Goal of the exercise: Keep the pictures out. Restate the entries below word for word.

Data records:
....
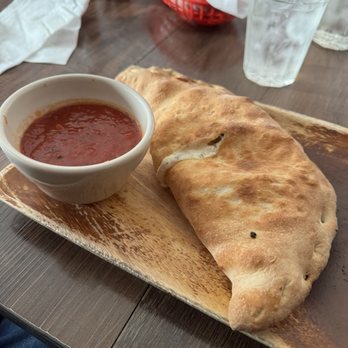Fratelli's Pizza - Meat Lover Calzone - Pizza Near Me - North Hills, California Fratelli's Pizza - Meat Lover Calzone - Pizza Near Me - North Hills, California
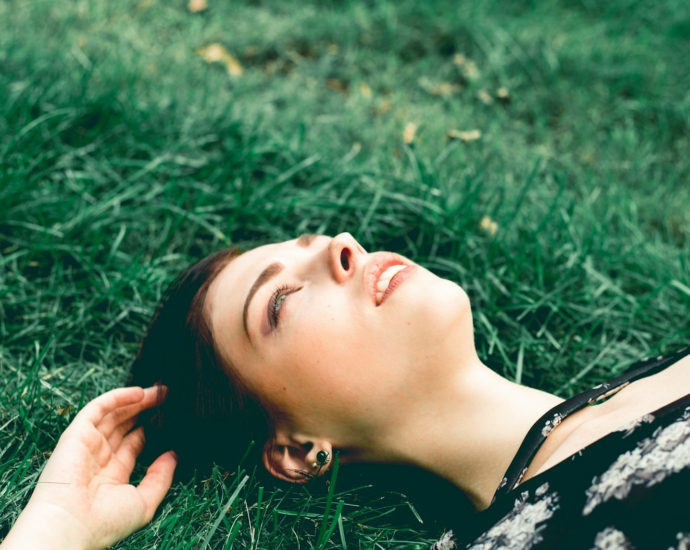 woman in black and white floral shirt lying on green grass field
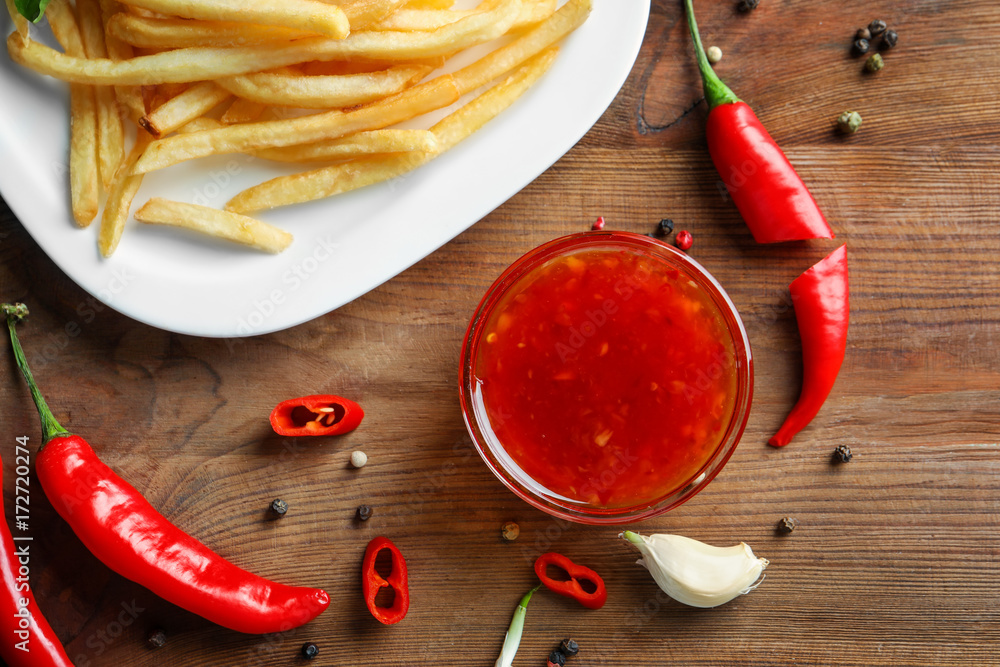 Chili sauce and plate with french fries on kitchen table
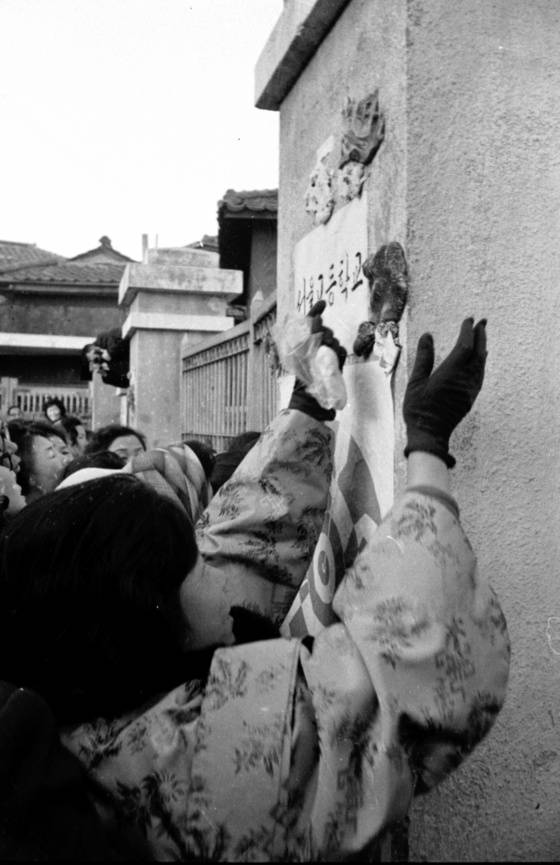 본고사가 열린 서울의 한 대학 시험장에서 학부모들이 교문에 엿을 붙이고 있다. 엿가락처럼 한번에 붙으라는 의미에서 엿과 떡 등을 교문에 붙이는 이들이 많았다. [중앙포토]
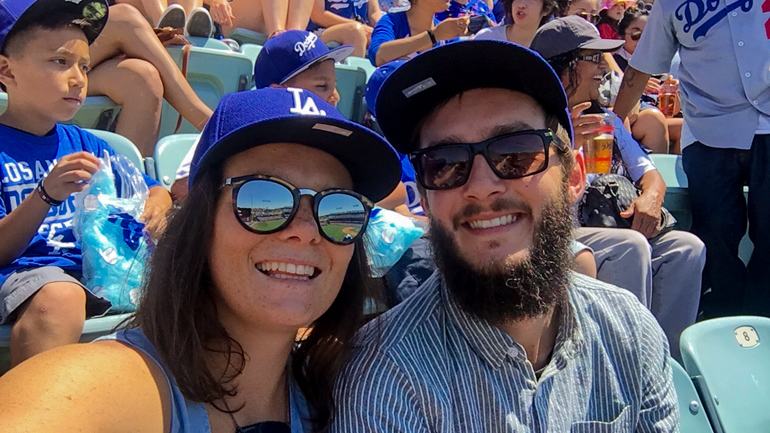 Freudestrahlend blickt ein Pärchen während eines L.A. Dodgers Baseballspiels in die Kamera, beide tragen blaue L.A.-Caps.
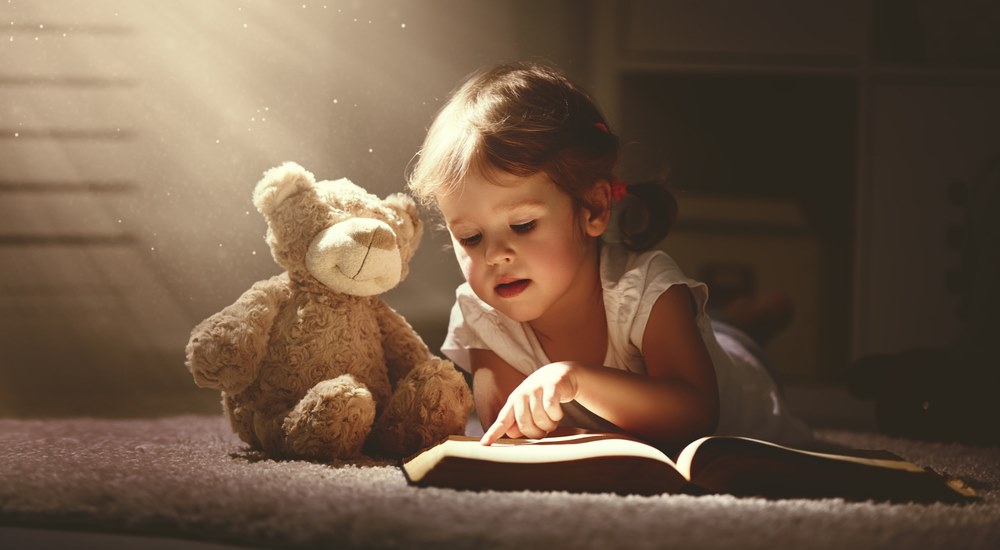 A young child reading a book next to a teddy bear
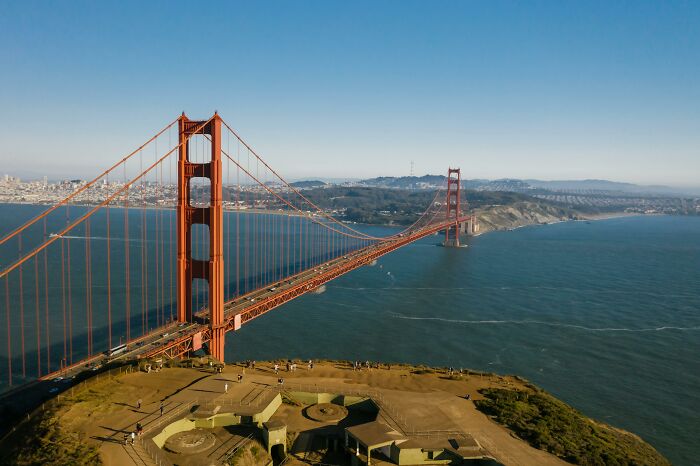 Golden Gate Bridge spanning blue waters under a clear sky, capturing a rare everyday scene.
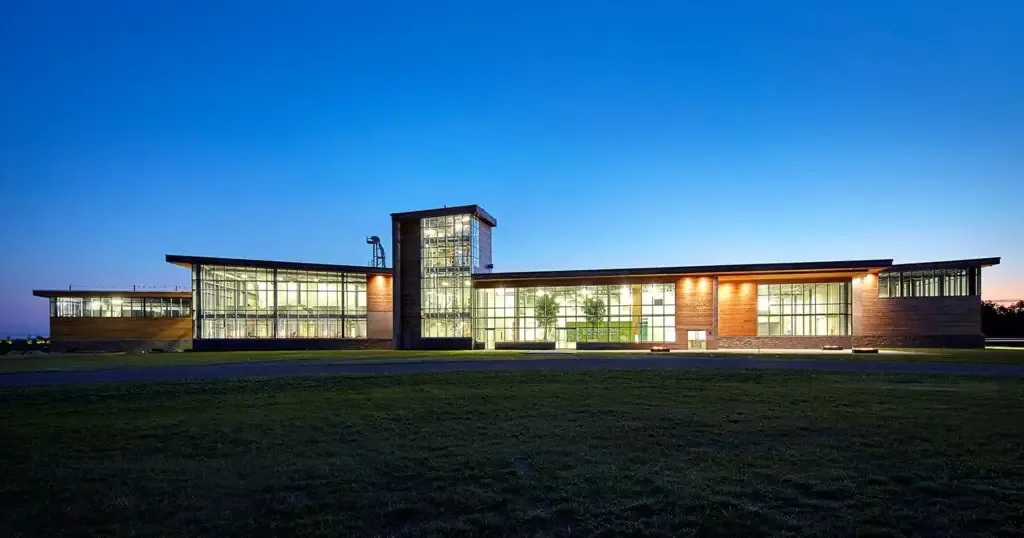 Modern glass-and-wood distillery building glowing at dusk across a green lawn.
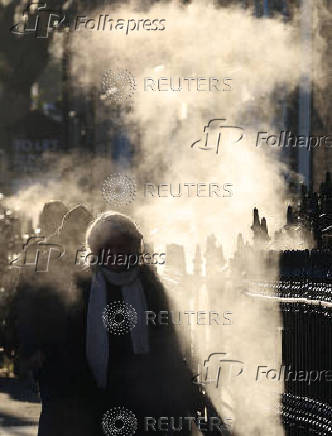 Commuters walk during the rush hour on a cold morning ahead of Ireland's general election, in Dublin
....
Task result:
Fratelli's Pizza - Meat Lover Calzone - Pizza Near Me - North Hills, California Fratelli's Pizza - Meat Lover Calzone - Pizza Near Me - North Hills, California
 woman in black and white floral shirt lying on green grass field
 Chili sauce and plate with french fries on kitchen table
 본고사가 열린 서울의 한 대학 시험장에서 학부모들이 교문에 엿을 붙이고 있다. 엿가락처럼 한번에 붙으라는 의미에서 엿과 떡 등을 교문에 붙이는 이들이 많았다. [중앙포토]
 Freudestrahlend blickt ein Pärchen während eines L.A. Dodgers Baseballspiels in die Kamera, beide tragen blaue L.A.-Caps.
 A young child reading a book next to a teddy bear
 Golden Gate Bridge spanning blue waters under a clear sky, capturing a rare everyday scene.
 Modern glass-and-wood distillery building glowing at dusk across a green lawn.
 Commuters walk during the rush hour on a cold morning ahead of Ireland's general election, in Dublin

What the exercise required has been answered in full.